BEGIN Extracted entries

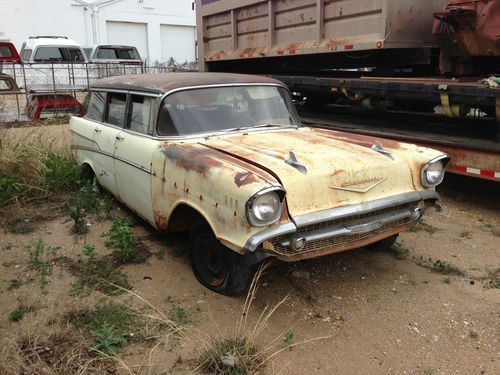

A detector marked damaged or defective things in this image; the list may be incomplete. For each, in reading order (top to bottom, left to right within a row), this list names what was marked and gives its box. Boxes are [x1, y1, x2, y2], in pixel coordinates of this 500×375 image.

rusty container [197, 0, 448, 72]
rust patch [160, 145, 223, 178]
rust patch [233, 172, 258, 188]
rusty car hood [201, 128, 440, 219]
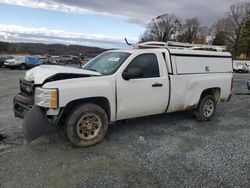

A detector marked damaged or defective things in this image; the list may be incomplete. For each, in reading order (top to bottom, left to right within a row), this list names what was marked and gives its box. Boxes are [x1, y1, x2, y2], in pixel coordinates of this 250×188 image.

damaged hood [24, 65, 100, 84]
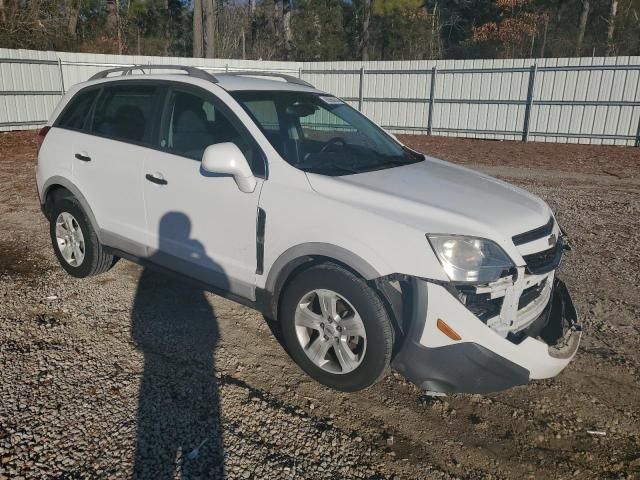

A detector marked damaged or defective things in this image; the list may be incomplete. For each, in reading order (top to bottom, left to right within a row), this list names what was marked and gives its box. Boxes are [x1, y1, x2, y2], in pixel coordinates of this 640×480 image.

front bumper damage [390, 276, 580, 392]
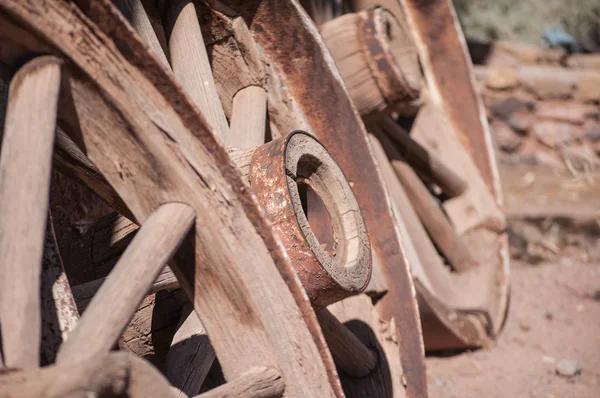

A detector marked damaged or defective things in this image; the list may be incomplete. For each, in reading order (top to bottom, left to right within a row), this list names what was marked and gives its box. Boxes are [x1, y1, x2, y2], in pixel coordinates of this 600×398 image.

rusted metal hub [318, 6, 422, 118]
rusted metal hub [248, 132, 370, 310]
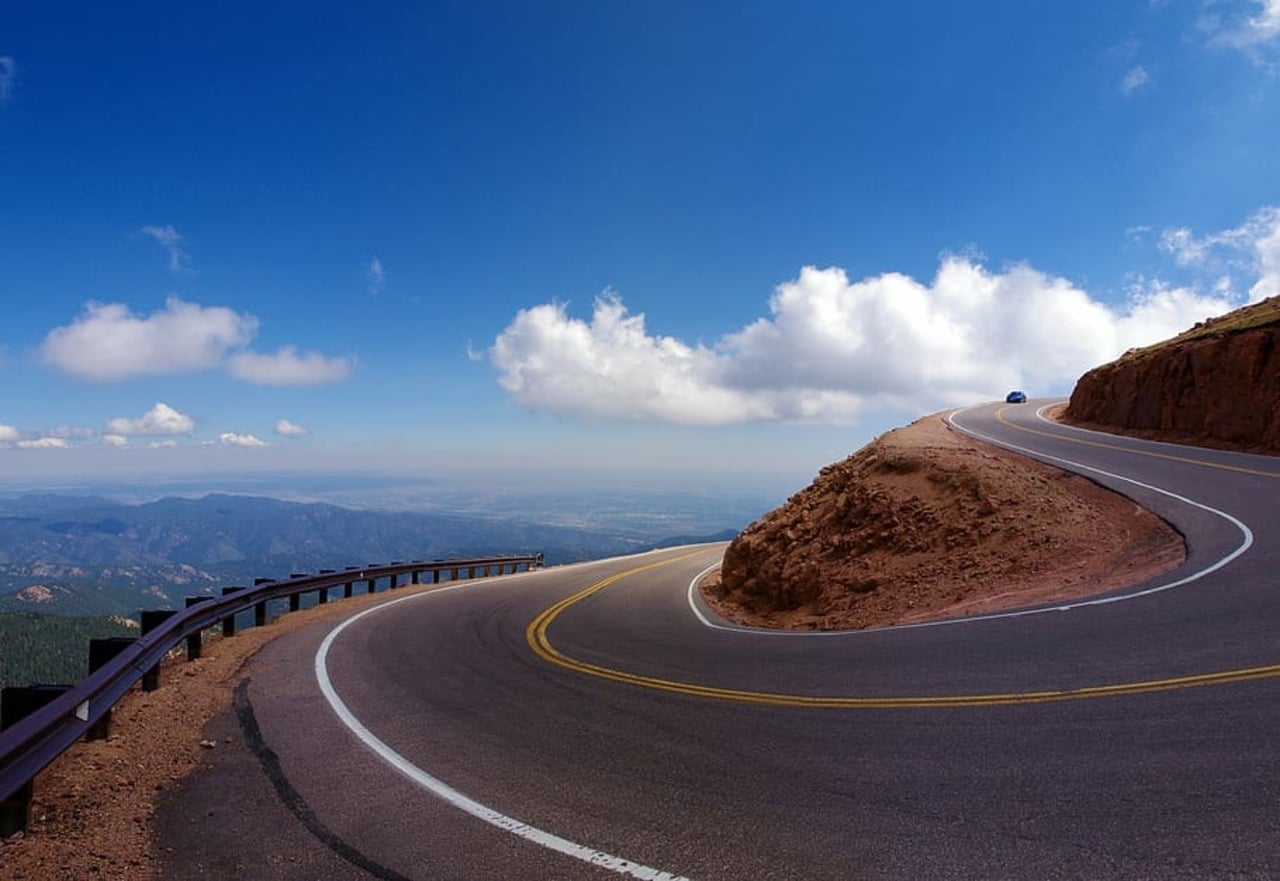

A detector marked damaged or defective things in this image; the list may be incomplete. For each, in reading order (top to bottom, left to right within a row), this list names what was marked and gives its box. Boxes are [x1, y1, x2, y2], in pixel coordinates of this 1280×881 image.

rusty guardrail rail [0, 550, 540, 834]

END Extracted entries

Exactly as written, give every entry again, but not the pictures.

A detector marked damaged or defective things in this image; the list may be incomplete. For each, in reading order (top to bottom, left to right within a row), this list names what was marked and gives its box. Boxes are [x1, y1, x2, y2], in pixel coordinates of this 500×375 image.

rusty container [197, 0, 448, 72]
rust patch [160, 145, 223, 178]
rust patch [233, 172, 258, 188]
rusty car hood [201, 128, 440, 219]

A detector marked damaged or defective things in this image; the list may be incomplete. For each, in reading order (top to bottom, left to right within a row), this list names what was marked and gives its box. Boxes are [x1, y1, x2, y2], in pixel coordinates of this 250×188 image.

damaged hood [24, 65, 100, 84]

A detector marked damaged or defective things in this image; the list may be incomplete. For each, in reading order (top to bottom, left to right within a row), this list names what was marked and gives its box. Boxes are [x1, y1, x2, y2], in pixel coordinates of this 640×480 image.

front bumper damage [390, 276, 580, 392]

A detector marked damaged or defective things in this image; the list may be incomplete. For each, in reading order (top to bottom, left to right within a row), this list names what was marked and gives its box. Boxes are [x1, y1, x2, y2], in pixel coordinates of this 600×398 image.

rusted metal hub [318, 6, 422, 118]
rusted metal hub [248, 132, 370, 310]

A detector marked damaged or defective things in this image; the list may be incomplete. For each, in reading order (top to bottom, left to right within a row), this list names what was marked and gives its box. Boxes are [x1, y1, x2, y2], in pixel coordinates of this 1280×881 image.

rusty guardrail rail [0, 550, 540, 834]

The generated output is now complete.